Aim of the task: Beginning with the line that has "sorbitano (Span 60)", reproduce each remaining line of the data exactly, down to and including the last.

Start of Data extracts

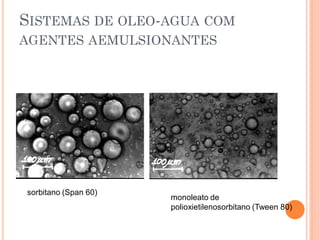SISTEMAS DE OLEO-AGUA COM
AGENTES AEMULSIONANTES




sorbitano (Span 60)
                      monoleato de
                      polioxietilenosorbitano (Tween 80)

End of Data extracts

Completed task:
sorbitano (Span 60)
                      monoleato de
                      polioxietilenosorbitano (Tween 80)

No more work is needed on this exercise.